▸ **DATA SUPPLIED**:
+ + + + +

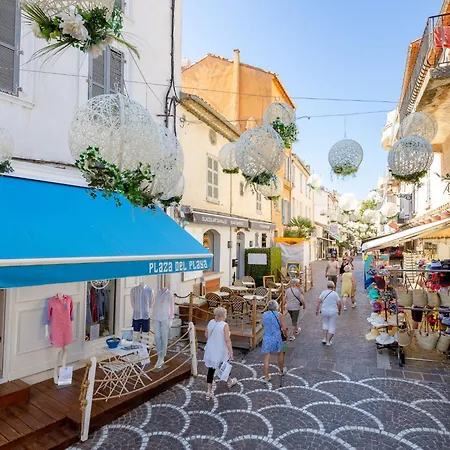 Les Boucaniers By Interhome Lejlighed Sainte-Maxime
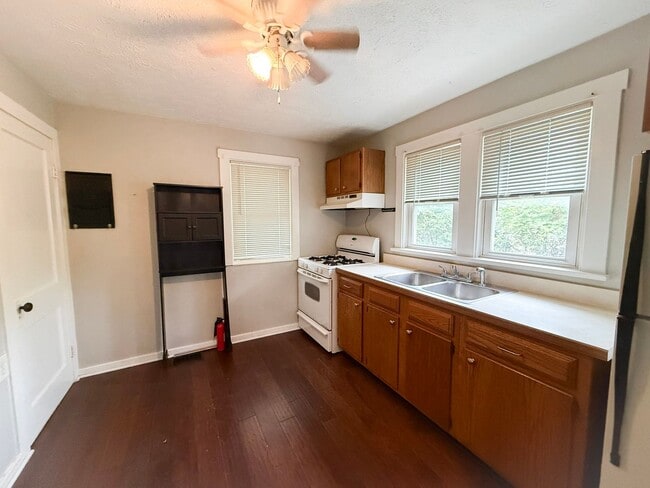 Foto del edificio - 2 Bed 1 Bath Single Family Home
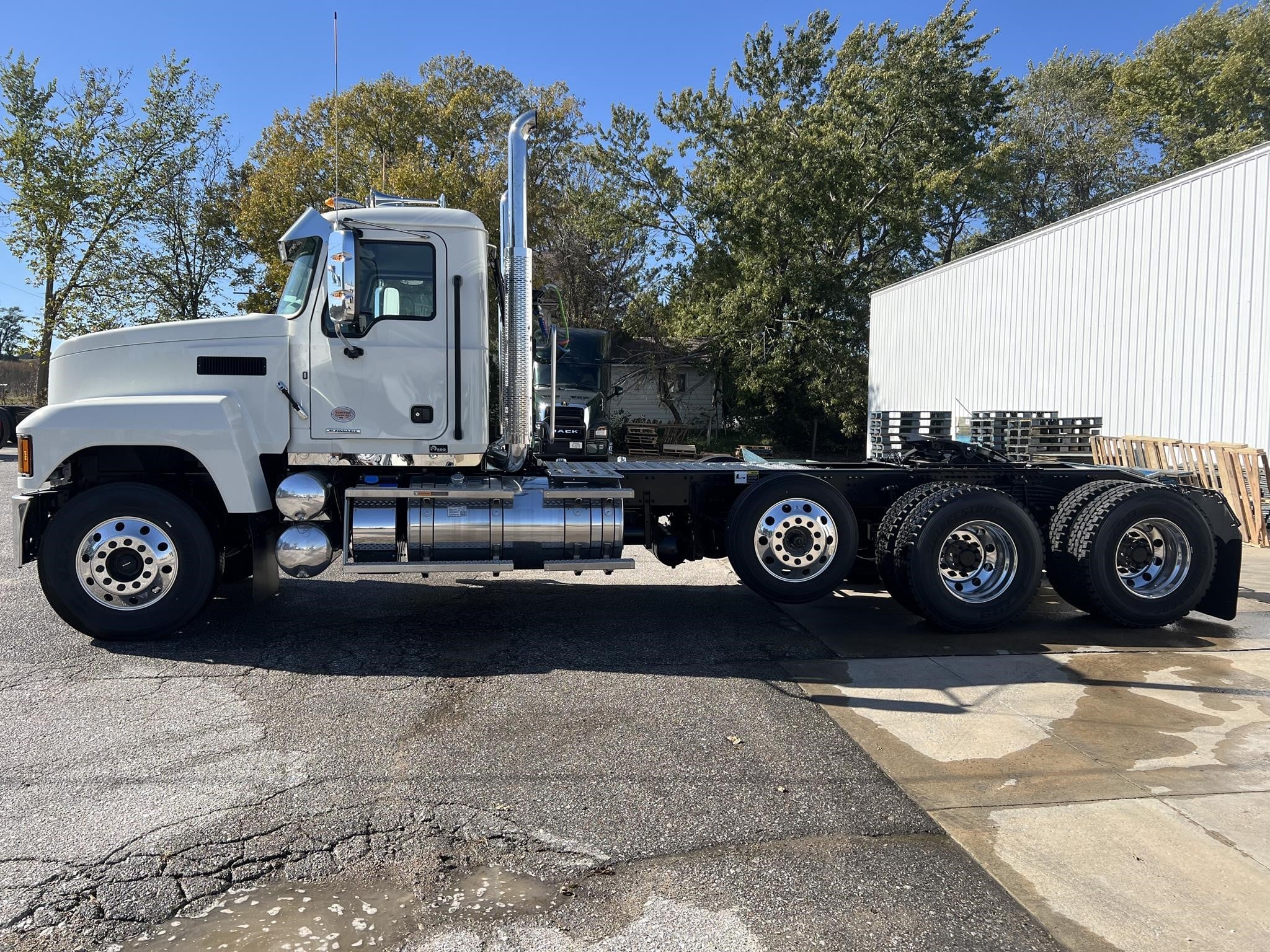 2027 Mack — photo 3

+ + + + +

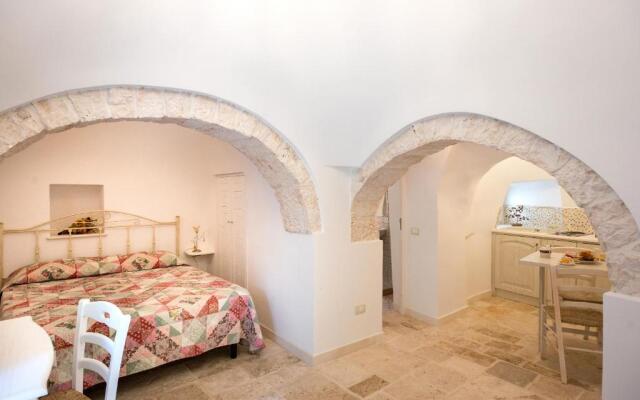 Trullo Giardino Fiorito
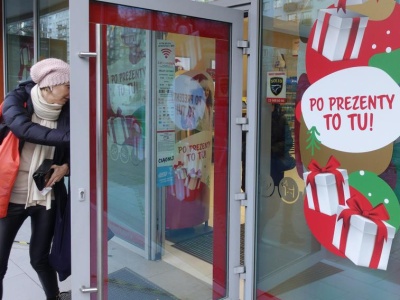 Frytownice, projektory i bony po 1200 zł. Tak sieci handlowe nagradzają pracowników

+ + + + +

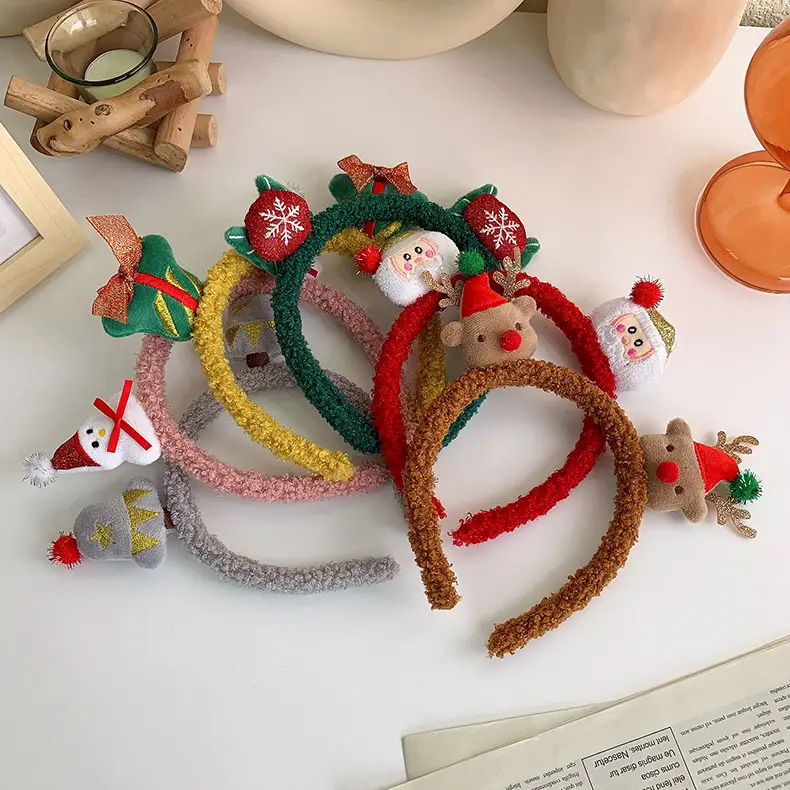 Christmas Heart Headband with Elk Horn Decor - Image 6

+ + + + +

▸ **WORK INSTRUCTIONS**:
The answer must be the lines above from the one containing "Les Boucaniers By" through the one containing "2027 Mack — photo 3", reproduced exactly, with no pictures and nothing else.

▸ **ANSWER FOR THE TASK**:
 Les Boucaniers By Interhome Lejlighed Sainte-Maxime
 Foto del edificio - 2 Bed 1 Bath Single Family Home
 2027 Mack — photo 3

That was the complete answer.